Word for word, please copy the line containing "Windows 11 Pro" and all lines after it in the entries below, and only those, leaving every picture out.
═══ DATA
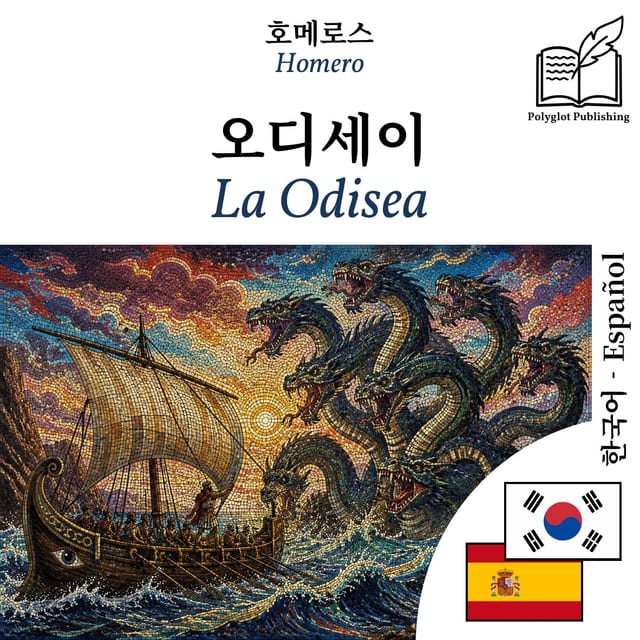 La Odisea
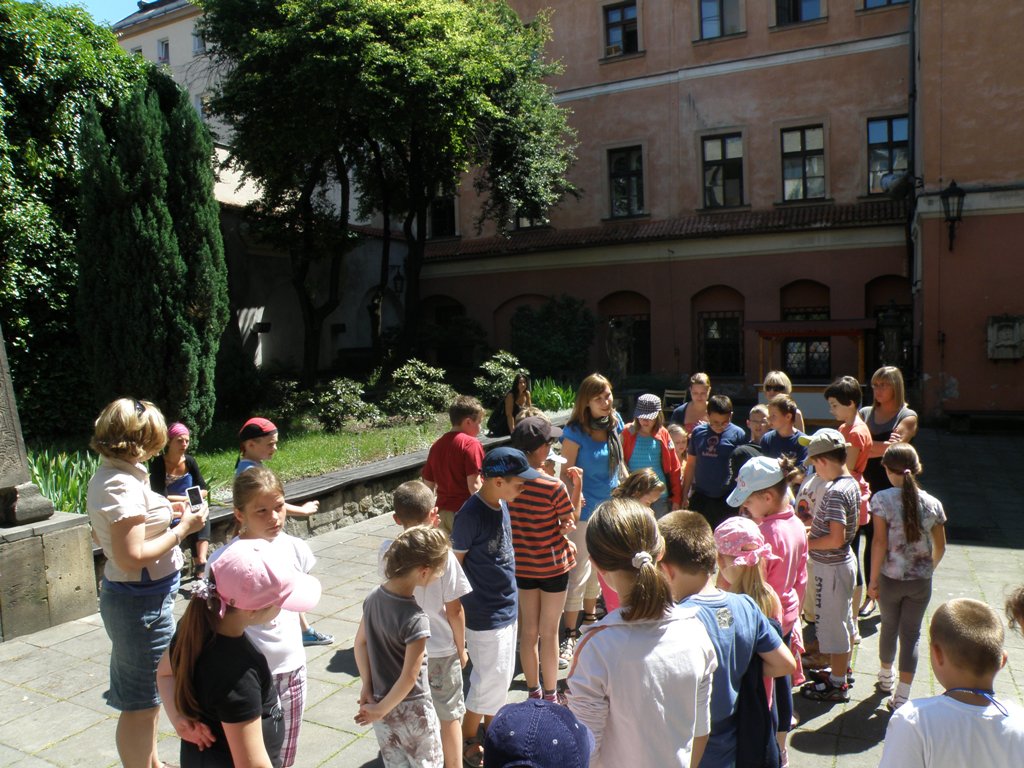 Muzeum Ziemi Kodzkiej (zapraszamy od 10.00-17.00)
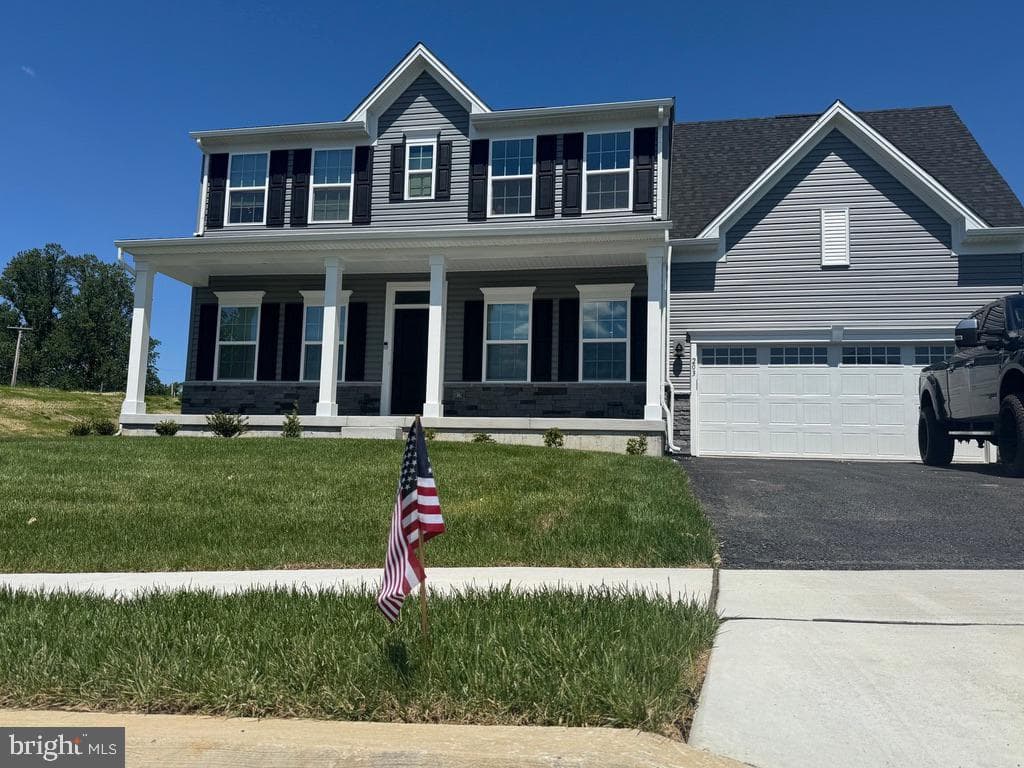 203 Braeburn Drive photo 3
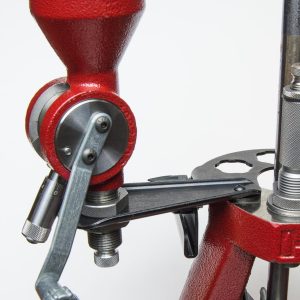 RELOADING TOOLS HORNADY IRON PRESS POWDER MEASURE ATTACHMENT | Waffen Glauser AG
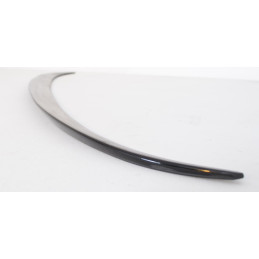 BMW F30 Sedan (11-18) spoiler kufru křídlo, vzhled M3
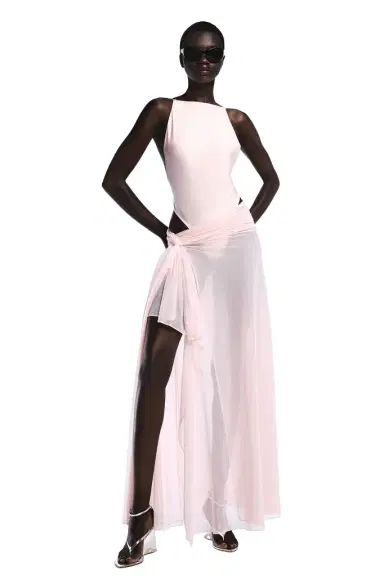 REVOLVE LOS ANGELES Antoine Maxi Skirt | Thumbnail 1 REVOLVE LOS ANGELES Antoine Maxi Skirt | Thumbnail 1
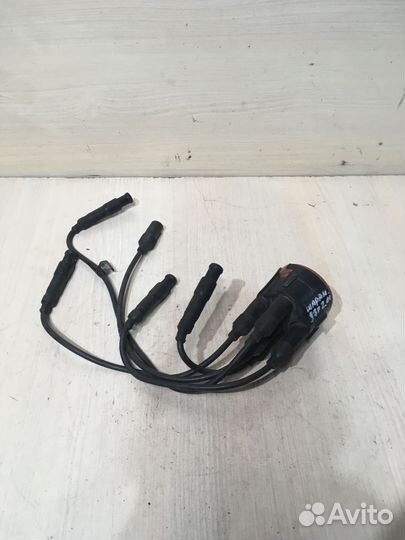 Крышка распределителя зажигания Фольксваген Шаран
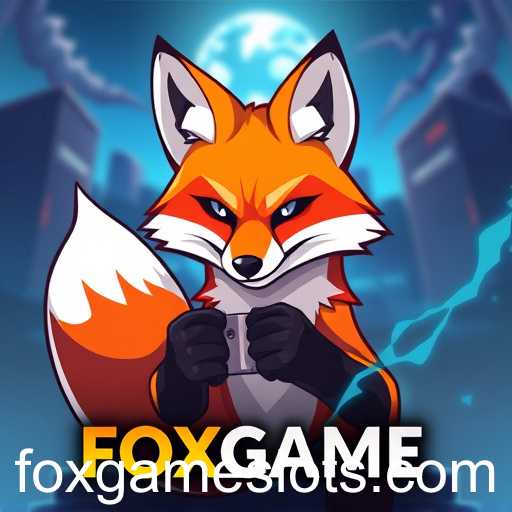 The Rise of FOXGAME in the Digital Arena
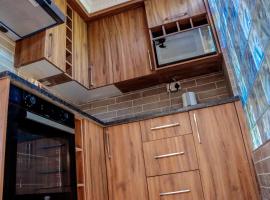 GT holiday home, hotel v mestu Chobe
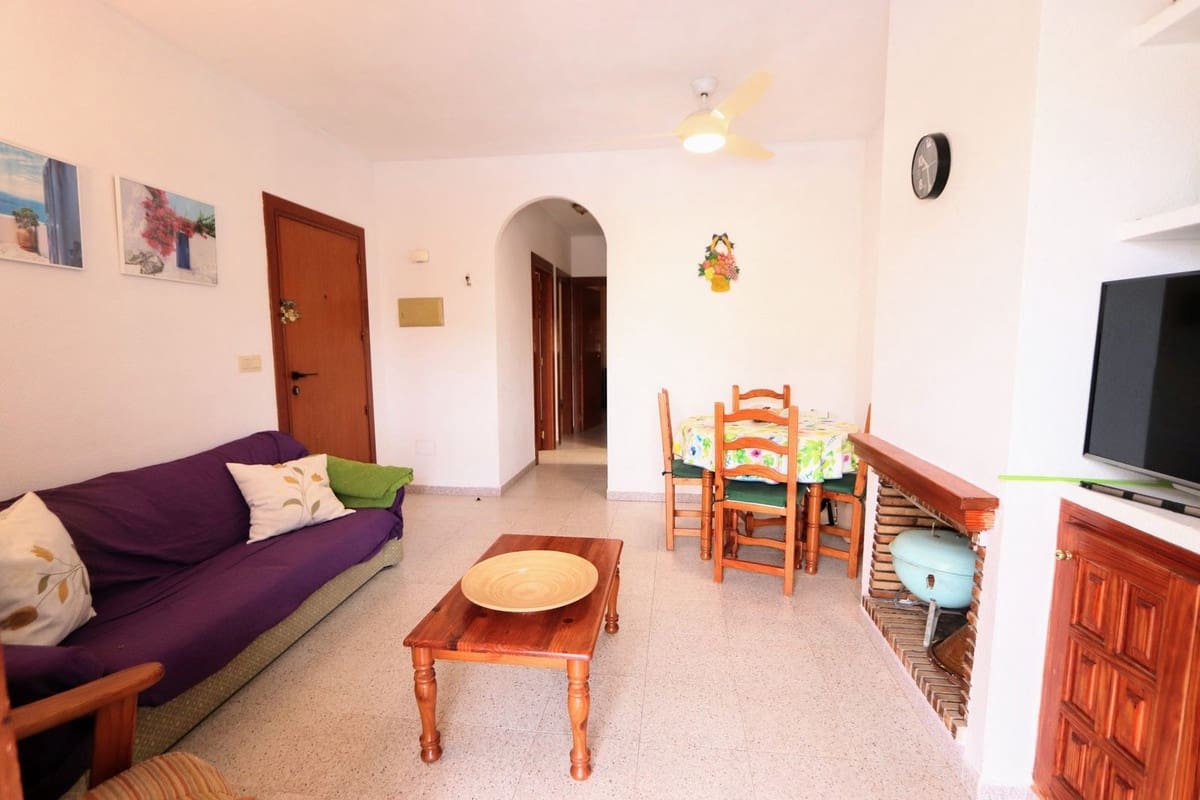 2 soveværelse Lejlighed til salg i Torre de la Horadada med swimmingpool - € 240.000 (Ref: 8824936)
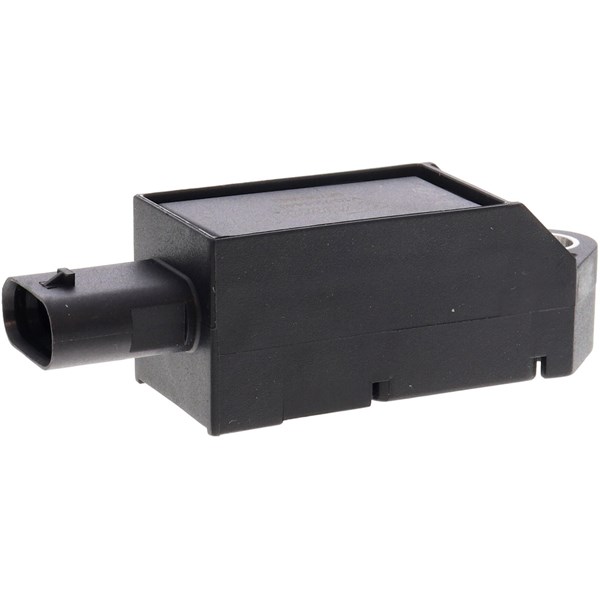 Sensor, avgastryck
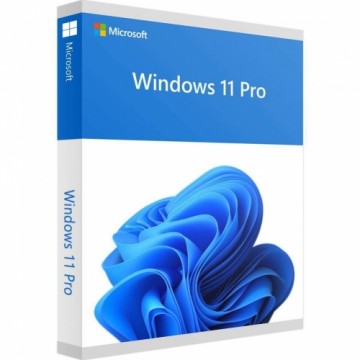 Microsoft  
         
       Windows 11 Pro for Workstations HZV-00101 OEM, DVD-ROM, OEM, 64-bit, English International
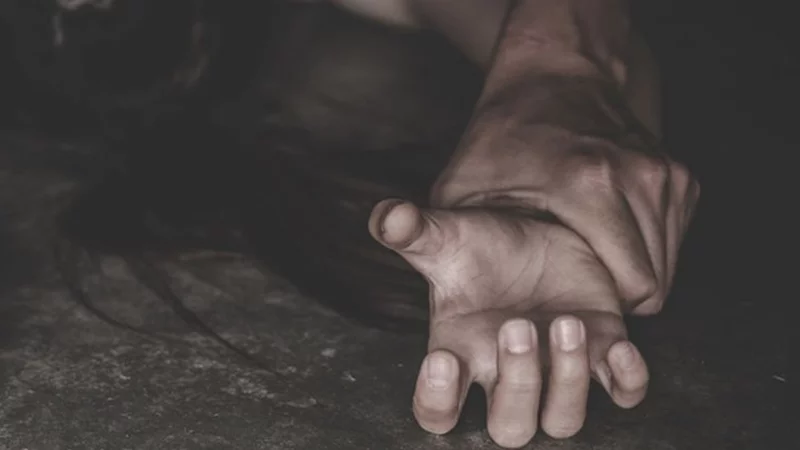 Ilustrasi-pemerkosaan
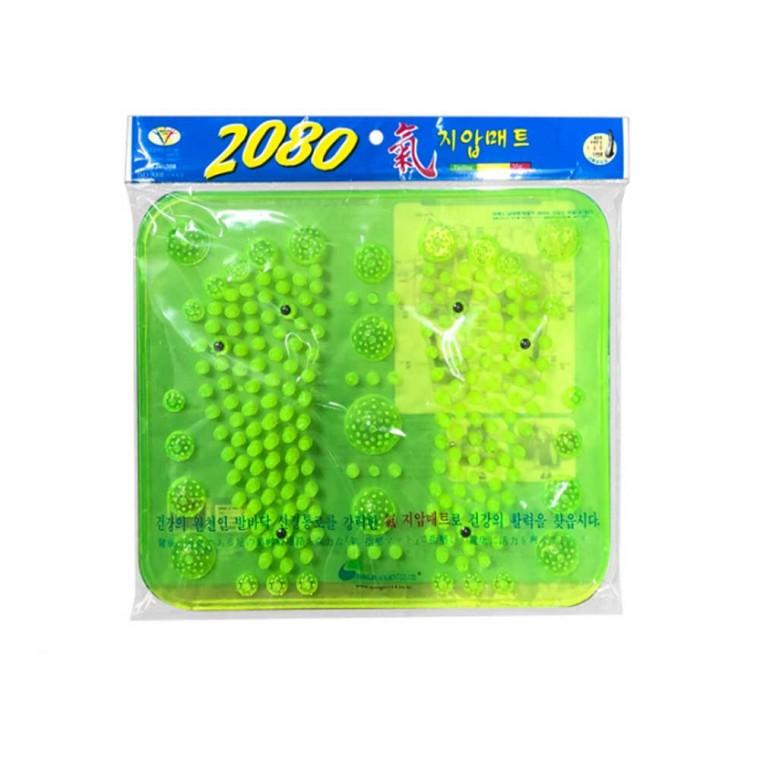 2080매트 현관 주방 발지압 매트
══════
_RESPONSE AREA_:
       Windows 11 Pro for Workstations HZV-00101 OEM, DVD-ROM, OEM, 64-bit, English International
 Ilustrasi-pemerkosaan
 2080매트 현관 주방 발지압 매트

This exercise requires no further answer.